Some guy on rasfs has an
approach I hadn't thought of before (my two posts are 16 through 18 in the thread) to heating a city: just heat it, not worrying about the dome or roof. Running some numbers, it seems... maybe doable. A lot depends on how quickly heat is lost to the air, and how little we can get away with to get halfway comfortable; adding 100 W/m2 gets too expensive. OTOH, that was assuming continuous year-round heating. Just doing the worst days would cut cost a lot (though raise the proportion of the infrastructure). For purposes of not dying, simple de-icing might be sufficient -- bursts of heat to clear the ground, and people can wear coats like normal.

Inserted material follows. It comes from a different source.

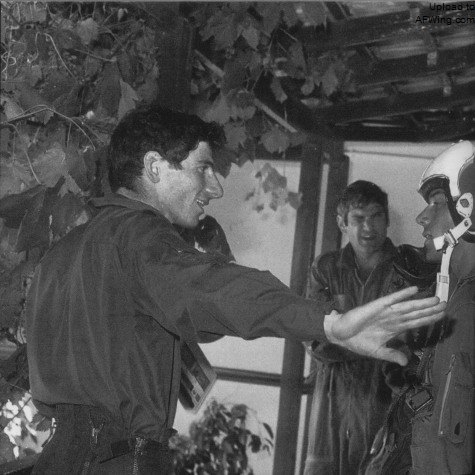 1967年6月9日，埃里埃泽尔.施克迪（左）击落了1.5架米格-21后在走廊上和罗伊.本尼米（Roee Benimi，右）交谈，中间是尤采伊.埃什科尔（Yochai Eshkol）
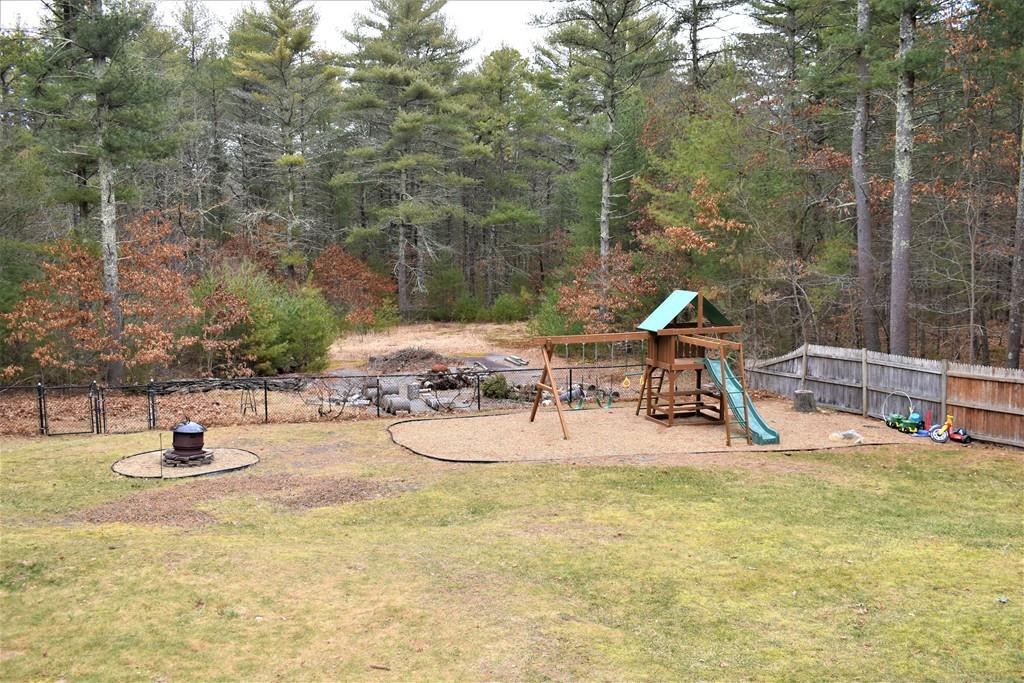 55 Howland Road Lakeville, MA 02347 - Photo 3 of 13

The thing prompted me to try to actually estimate costs of the roofs I like to go on about. I don't know enough for a good estimate, but comparison to greenhouses (
$7.50/square foot) or the raw costs of transparent materials ($3/foot2 plexiglass, $4 Lexan or glass, all 1/8 inch thick) suggests a minimum of $100/m2 for $100 million per square kilometer. That would seem feasible. I don't know how this scales -- big building costs can look a lot higher, and we'd have to be building a lot higher than a greenhouse, but then we don't actually need a normal building, just a roof or umbrella. Unless we want smart roofs, which we might, for summer... $1 billion/km2 would be a lot even for Manhattanites. There's also a question of how thick the panels have to be to survive -- 1/8 inch, or 1/2 inch?
Domed cities link! Notes possibility of floating a dome on air pressure.